____ EXERCISE MATERIALS
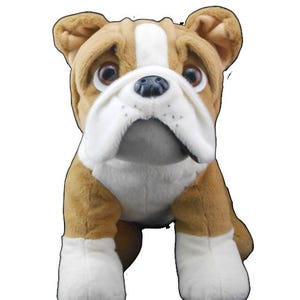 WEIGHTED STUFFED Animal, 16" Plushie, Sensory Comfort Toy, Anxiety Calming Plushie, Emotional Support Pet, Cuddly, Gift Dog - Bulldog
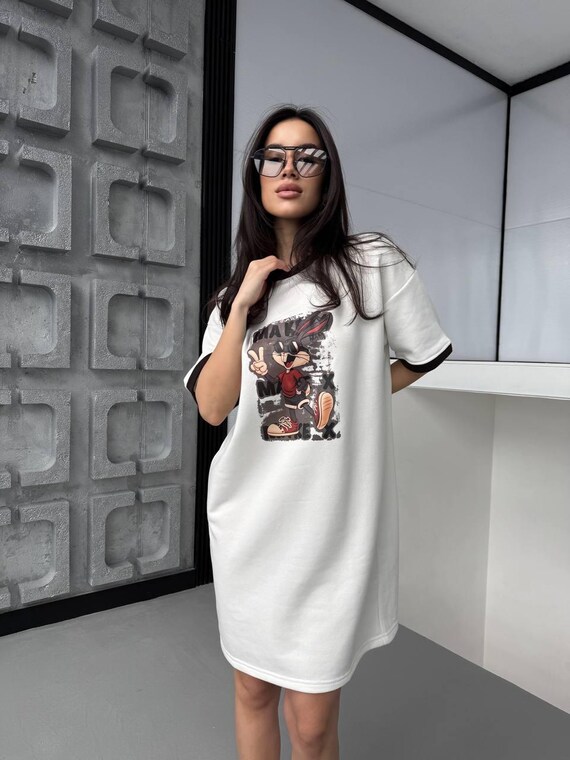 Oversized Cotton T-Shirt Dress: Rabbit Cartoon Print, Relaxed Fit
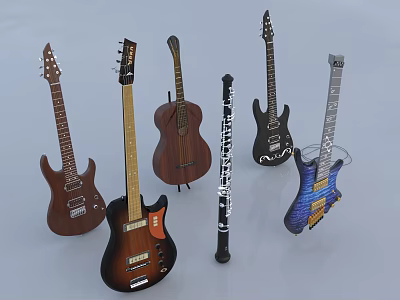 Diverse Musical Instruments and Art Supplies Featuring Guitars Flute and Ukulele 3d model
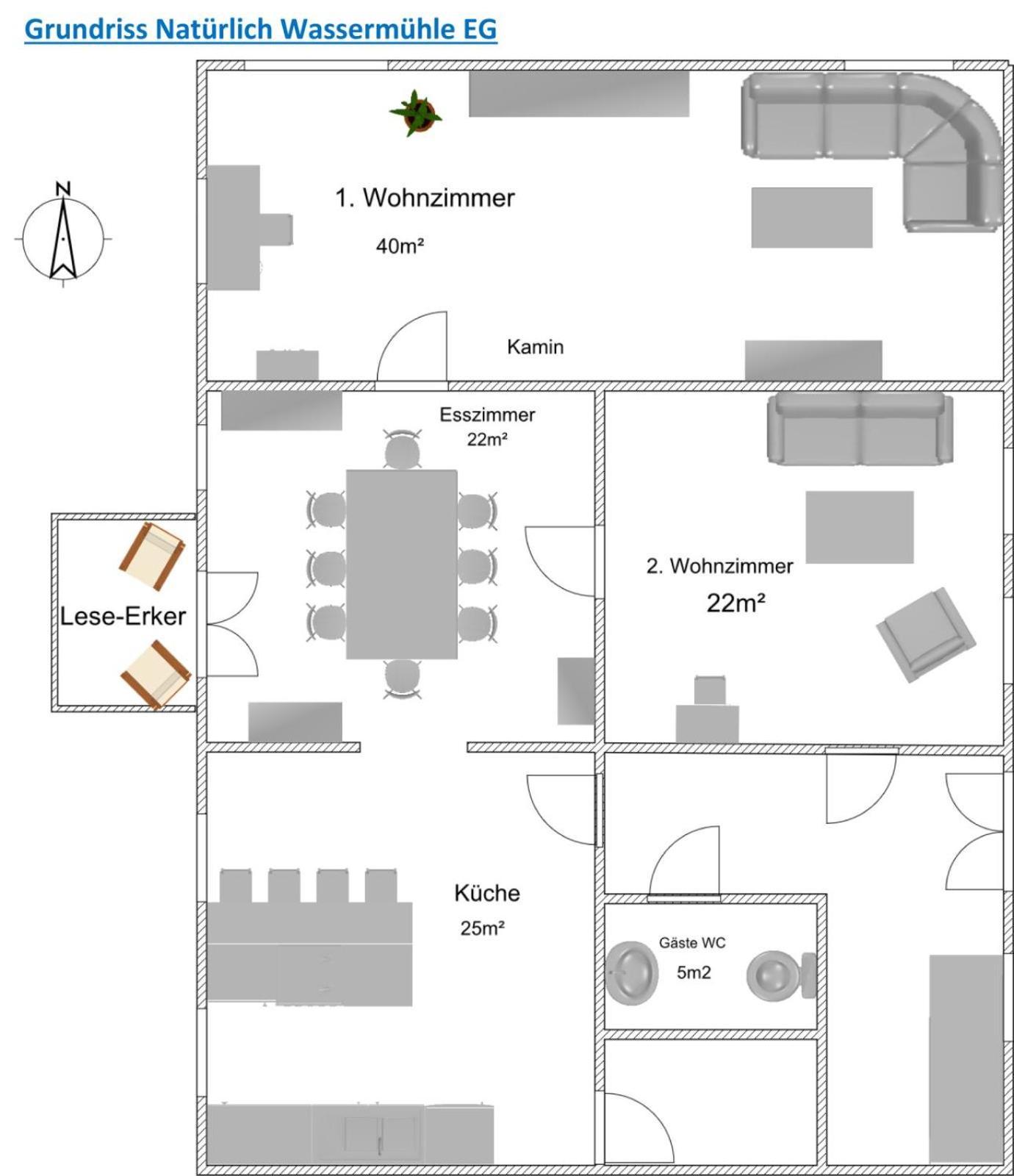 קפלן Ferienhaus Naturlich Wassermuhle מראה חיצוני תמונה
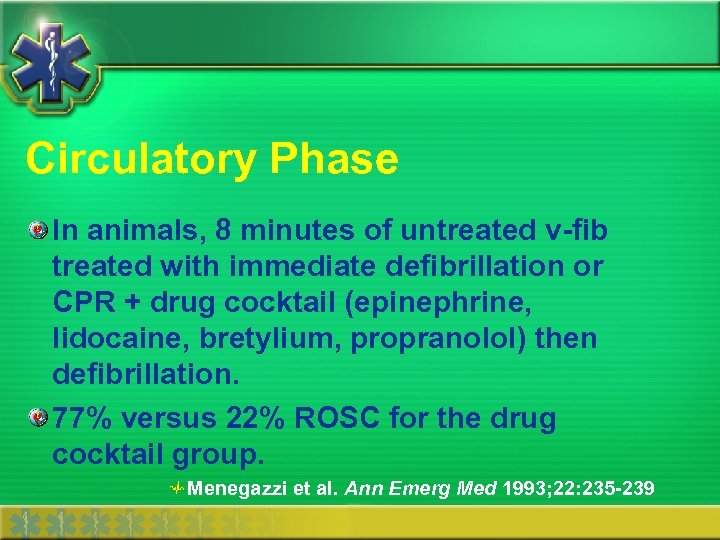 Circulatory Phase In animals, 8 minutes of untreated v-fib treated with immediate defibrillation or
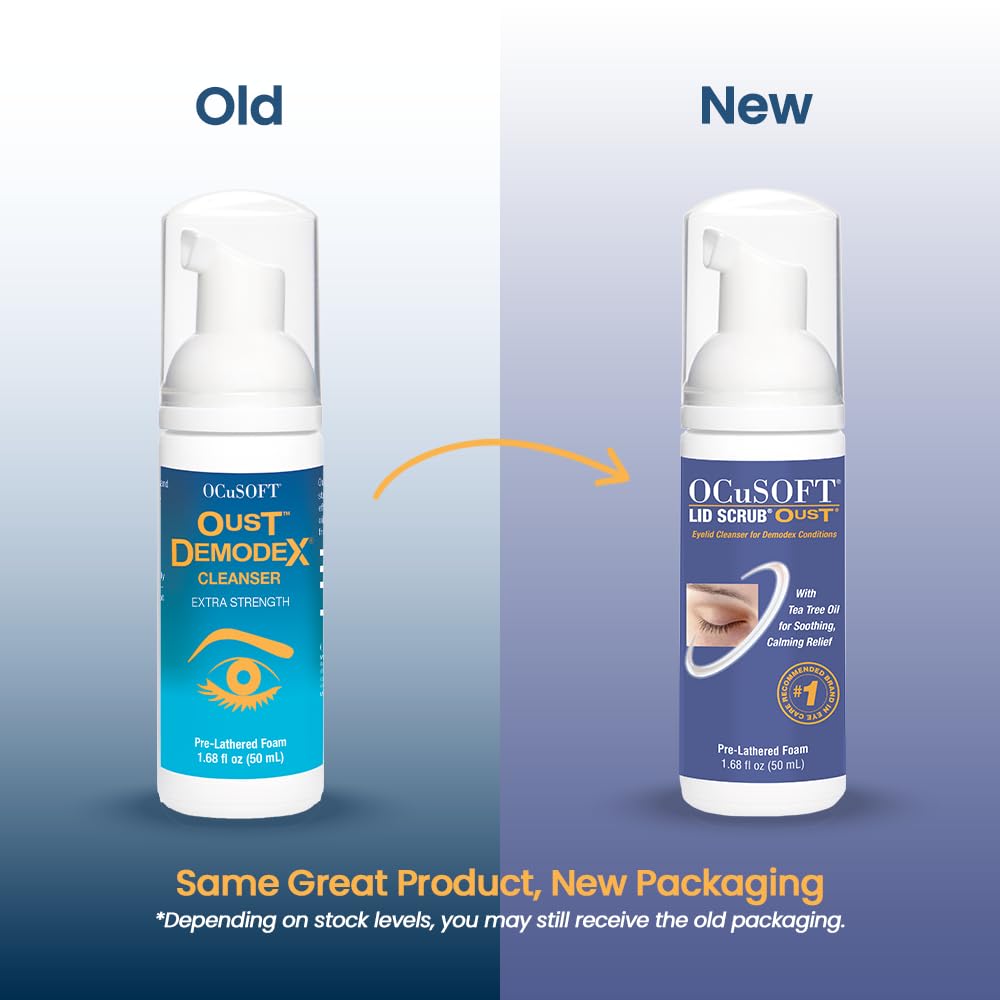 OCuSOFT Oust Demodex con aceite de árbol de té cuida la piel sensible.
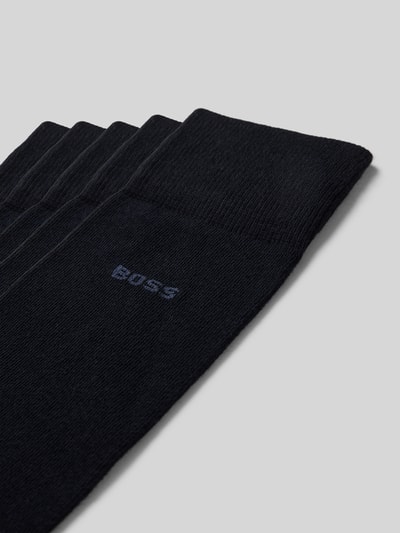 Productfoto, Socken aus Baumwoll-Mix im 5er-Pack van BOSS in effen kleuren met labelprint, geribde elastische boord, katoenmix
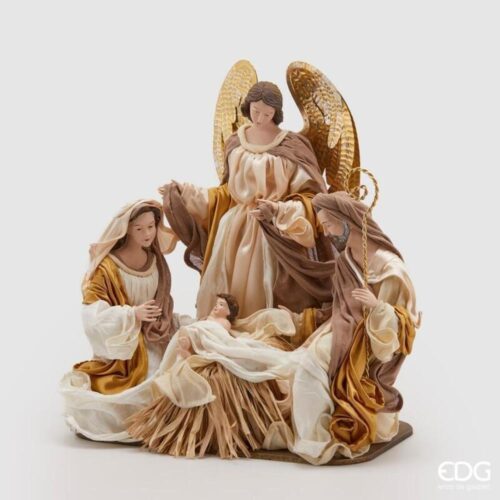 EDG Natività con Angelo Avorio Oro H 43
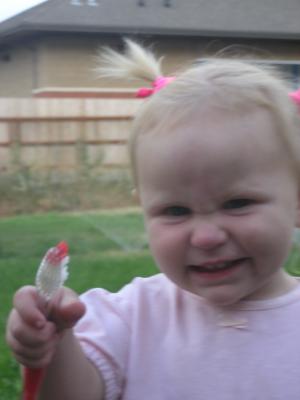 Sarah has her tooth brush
________
**ABOUT THIS TASK:** Nothing but the lines from the one that contains "קפלן Ferienhaus Naturlich" through the last line of the records belongs in the answer, reproduced exactly, with no pictures.

**EXPECTED OUTPUT:**
 קפלן Ferienhaus Naturlich Wassermuhle מראה חיצוני תמונה
 Circulatory Phase In animals, 8 minutes of untreated v-fib treated with immediate defibrillation or
 OCuSOFT Oust Demodex con aceite de árbol de té cuida la piel sensible.
 Productfoto, Socken aus Baumwoll-Mix im 5er-Pack van BOSS in effen kleuren met labelprint, geribde elastische boord, katoenmix
 EDG Natività con Angelo Avorio Oro H 43
 Sarah has her tooth brush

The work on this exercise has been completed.